● **PROBLEM DESCRIPTION**
Once the line holding "POWERTECH φορτιστής τοίχου" is found in the entries below, transcribe exactly every line up to and including the one holding "Loeffler Randall Noa", but leave out the pictures.

● **TASK INPUT**
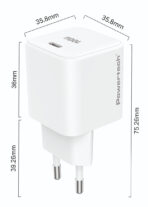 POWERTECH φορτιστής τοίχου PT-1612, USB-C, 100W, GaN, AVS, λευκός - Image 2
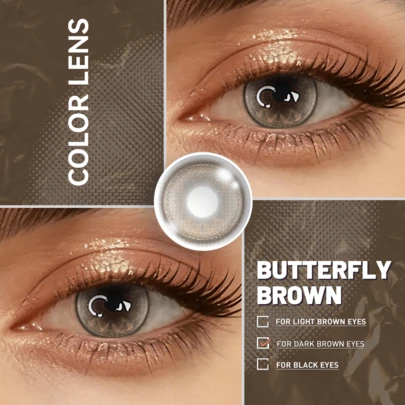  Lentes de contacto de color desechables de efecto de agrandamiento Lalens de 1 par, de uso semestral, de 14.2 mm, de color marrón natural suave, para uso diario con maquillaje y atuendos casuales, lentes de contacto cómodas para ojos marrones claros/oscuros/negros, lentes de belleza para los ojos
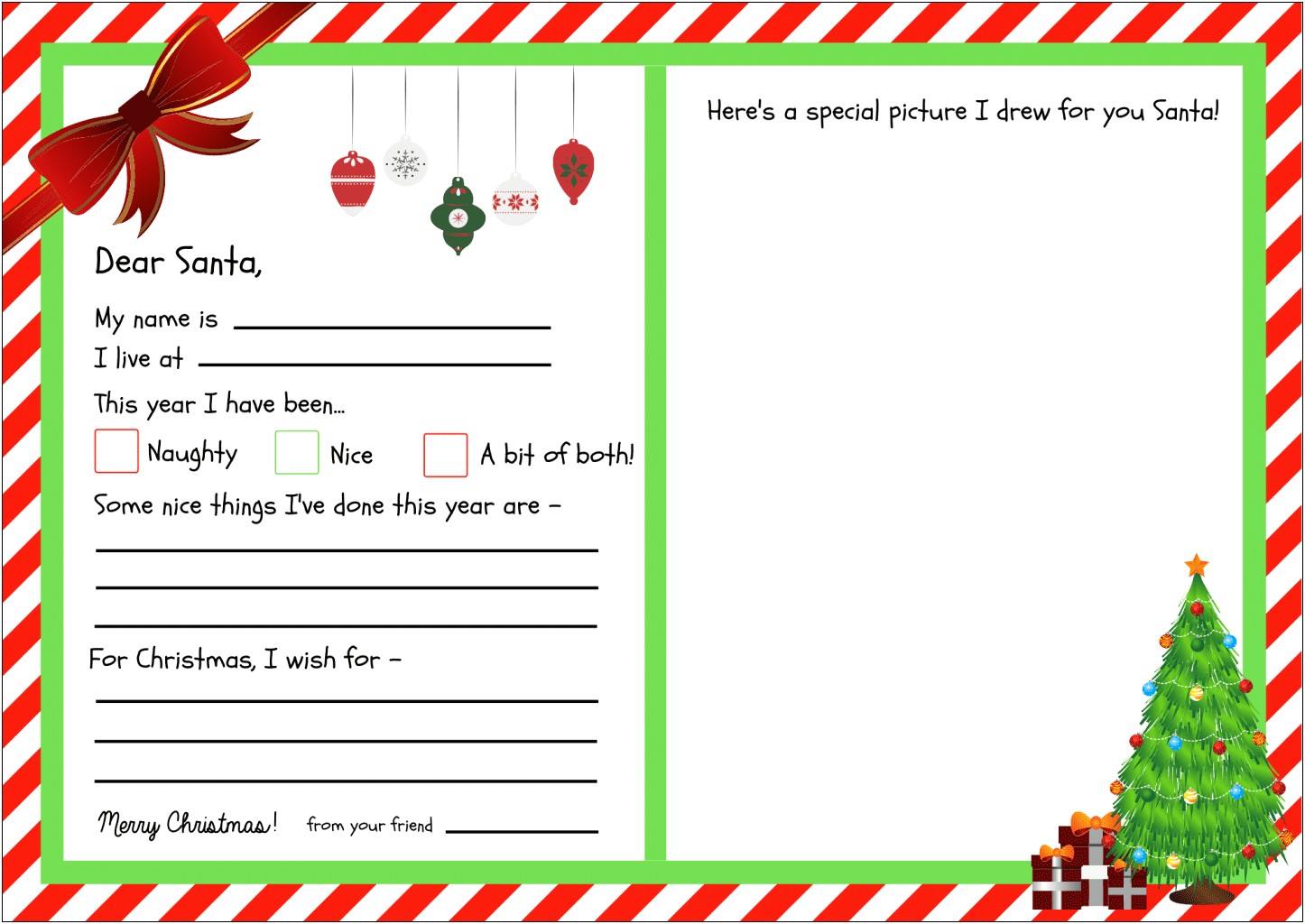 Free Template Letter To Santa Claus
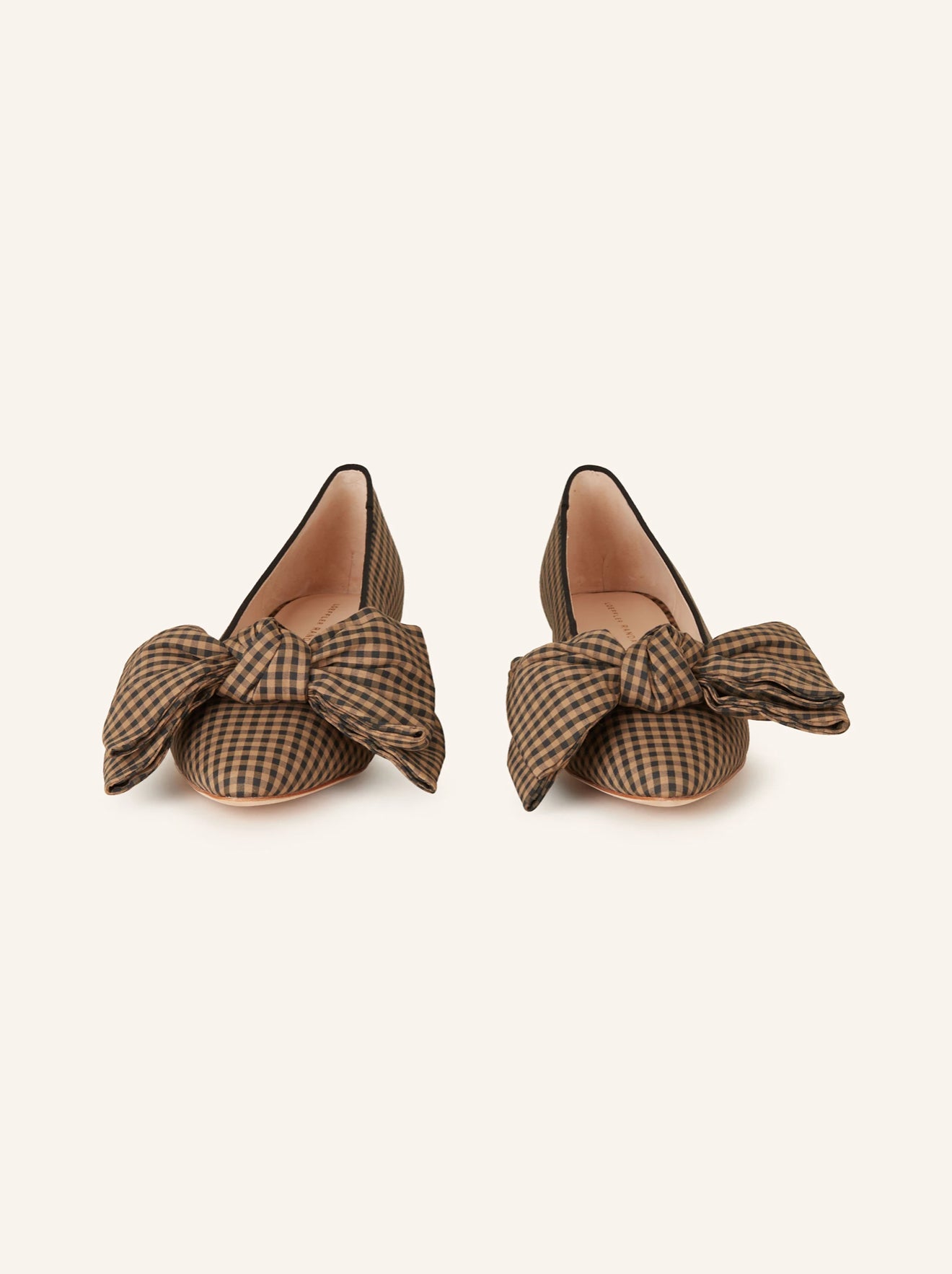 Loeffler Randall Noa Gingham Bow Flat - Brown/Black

==

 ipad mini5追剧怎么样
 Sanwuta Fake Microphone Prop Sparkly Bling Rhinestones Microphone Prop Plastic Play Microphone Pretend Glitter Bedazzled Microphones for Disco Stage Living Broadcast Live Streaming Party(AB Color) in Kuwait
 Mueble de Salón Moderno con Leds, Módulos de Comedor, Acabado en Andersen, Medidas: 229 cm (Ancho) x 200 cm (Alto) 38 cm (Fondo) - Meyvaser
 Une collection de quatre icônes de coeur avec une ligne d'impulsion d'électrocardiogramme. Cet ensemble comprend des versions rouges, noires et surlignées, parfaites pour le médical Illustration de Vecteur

...

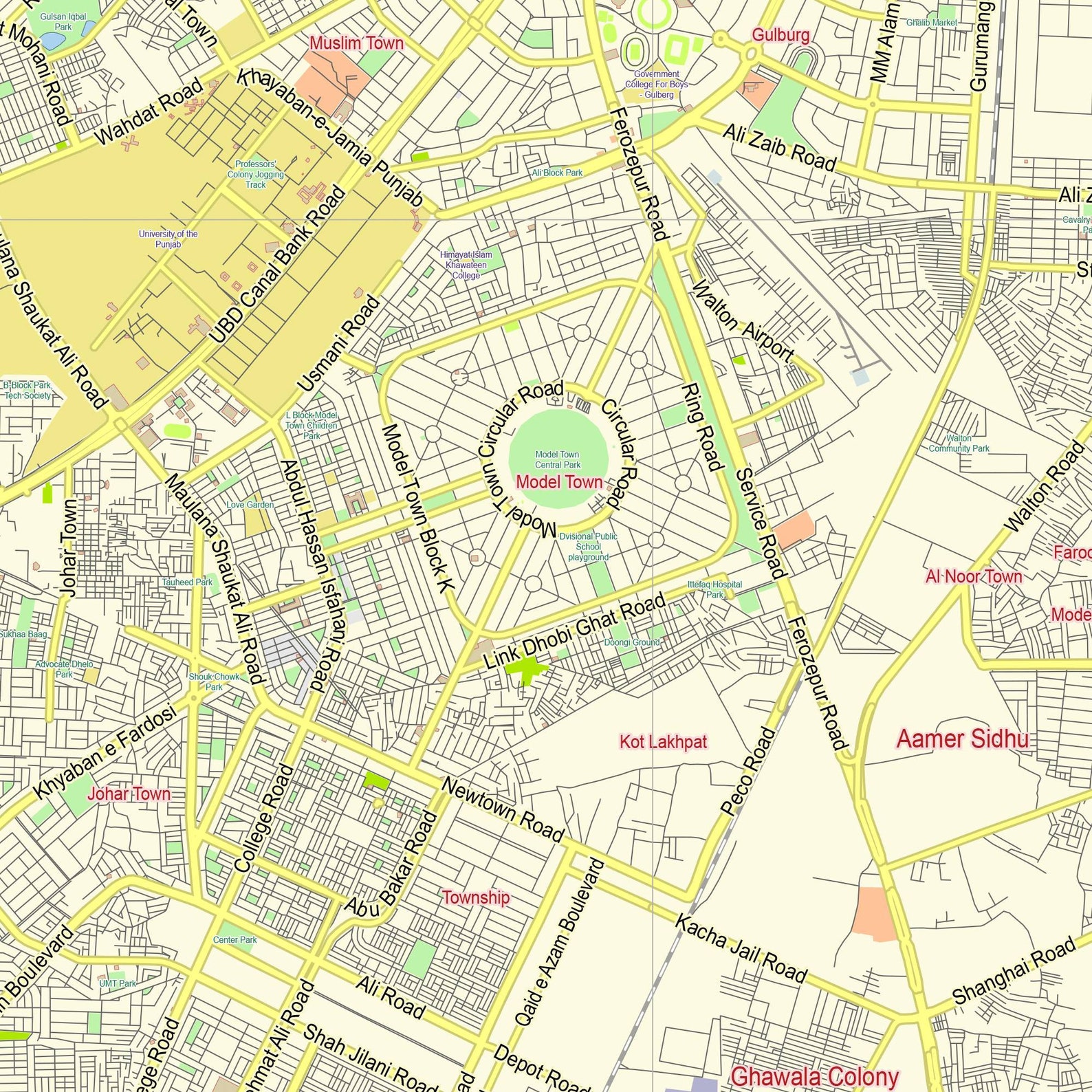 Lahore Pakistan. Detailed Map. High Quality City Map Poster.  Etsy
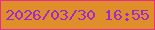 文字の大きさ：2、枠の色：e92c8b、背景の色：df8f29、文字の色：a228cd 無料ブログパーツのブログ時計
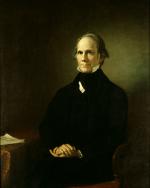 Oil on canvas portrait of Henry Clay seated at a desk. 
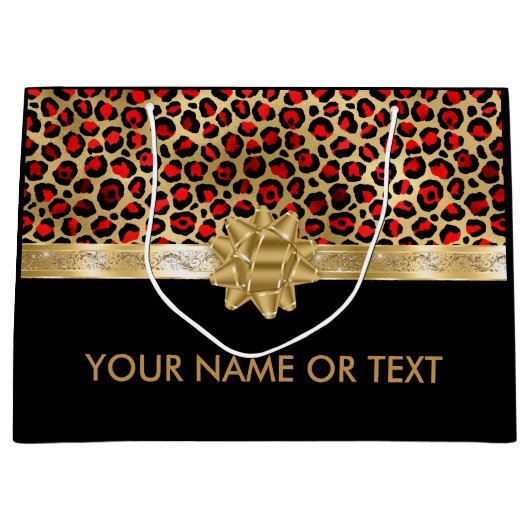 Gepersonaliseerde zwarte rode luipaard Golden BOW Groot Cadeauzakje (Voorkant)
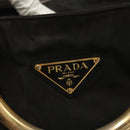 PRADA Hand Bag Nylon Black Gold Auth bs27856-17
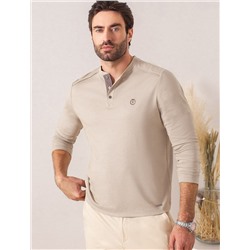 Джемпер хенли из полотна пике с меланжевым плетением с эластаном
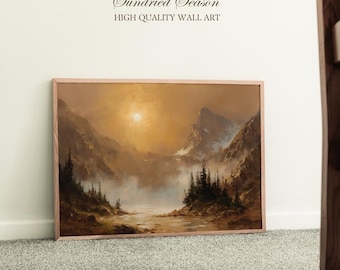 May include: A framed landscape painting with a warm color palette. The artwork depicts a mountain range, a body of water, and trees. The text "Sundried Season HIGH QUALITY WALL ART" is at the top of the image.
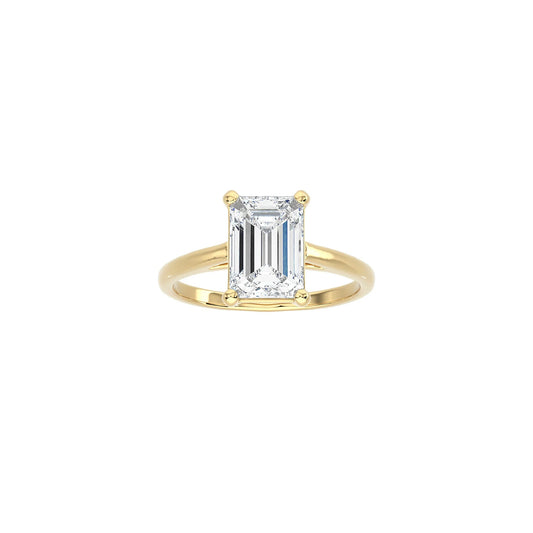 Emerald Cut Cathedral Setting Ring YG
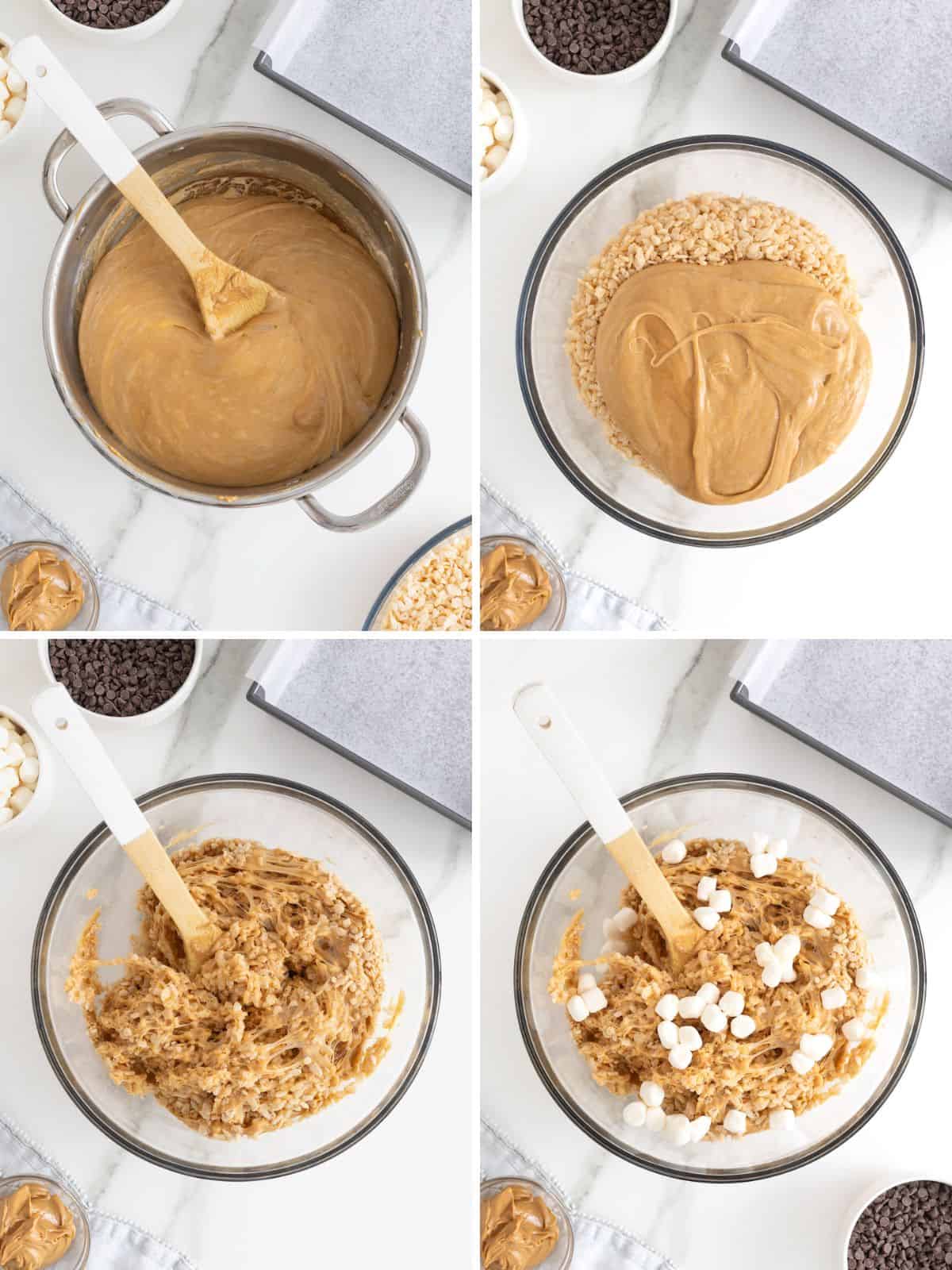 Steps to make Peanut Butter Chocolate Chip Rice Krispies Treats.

● **EXERCISE SOLUTION**
 POWERTECH φορτιστής τοίχου PT-1612, USB-C, 100W, GaN, AVS, λευκός - Image 2
  Lentes de contacto de color desechables de efecto de agrandamiento Lalens de 1 par, de uso semestral, de 14.2 mm, de color marrón natural suave, para uso diario con maquillaje y atuendos casuales, lentes de contacto cómodas para ojos marrones claros/oscuros/negros, lentes de belleza para los ojos
 Free Template Letter To Santa Claus
 Loeffler Randall Noa Gingham Bow Flat - Brown/Black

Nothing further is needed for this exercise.